Pushing data via Amazon S3

Synoptic data aggregation leverages Amazon’s S3 object storage service as a platform for receiving data from providers in a secure and highly available manner.

About S3

S3 stands for “Simple Storage Service” and it is an object storage service operated by Amazon’s AWS, which is used to upload and download data. Objects in this context can be thought of as files with names. Using standardized technical interfaces, any provider can securely connect to the Amazon S3 service, and publish their data files.

S3 requires object storage service interfaces, you generally cannot use older technologies like SFTP or SCP to interface with any object storage services.

Synoptic leverages AWS functionalities on top of S3, such as services to trigger automatic processing of newly uploaded files to quickly ingest the submitted data.

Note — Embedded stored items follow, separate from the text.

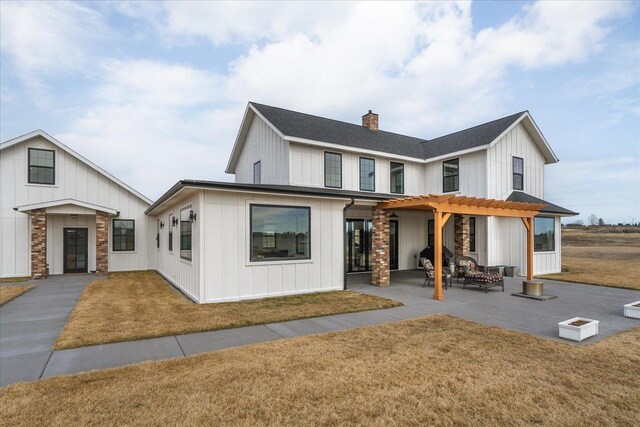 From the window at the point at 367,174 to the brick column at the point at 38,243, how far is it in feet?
45.4

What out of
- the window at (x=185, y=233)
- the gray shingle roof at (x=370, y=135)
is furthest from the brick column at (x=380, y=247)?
the window at (x=185, y=233)

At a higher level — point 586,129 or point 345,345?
point 586,129

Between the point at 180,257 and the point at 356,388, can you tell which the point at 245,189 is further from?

Amazon S3 is one of many object storage services which generally utilize the same mechanics for interaction. These include Pandas, and other cloud vendors also operate equivalent services.

Core concepts

The two main concepts in s3 are the bucket: isolated inventories of objects, and keys: (not to be confused with access keys) which is the location of the object - essentially the file path. Synoptic gives providers exclusive access to a single bucket for publishing data.

You can store an unlimited number of objects in a bucket, and the use of slashes in keys (e.g. a/b/c) is optional (the key is the whole string), but is used by some file browsers to organize objects.

We encourage using different objects to upload additional data. Using timestamp-related factors to define keys can be useful for optimizing reading, but the main efficiency considerations come from avoiding pushing data you already pushed, and avoiding overwriting existing data.

Accessing S3

You will need to access S3 either programmatically, or via a file browser tool like Transmit, much like SFTP. To authenticate there are 3 options we support

Authenticating with AWS Roles

The most robust way for us to provide you secure access to a bucket is to use AWS’s IAM system. If a provider already operates in AWS, we can simply permit a role from your account to write data to a bucket we own. That way we never have to exchange credentials.

A provider who does not operate in AWS can also implement methods to assert identity with AWS via the use of trusted certificates. This arrangement is more complicated and can be configured with individual providers and our ingest engineering team.

Authenticating with keys and secrets

A simpler but less preferred method to access an S3 bucket is provisioned keys and secrets. A provider can be securely provided these credentials, and then the code that publishes the data would use those values to access the bucket.

This is much less secure as compromised keys can be used by others. To reduce this risk, we require providers using keys to update them annually if not more frequently depending on your compliance requirements. Our ingest team will ensure you securely use these credentials, and are able to update them on our cycle.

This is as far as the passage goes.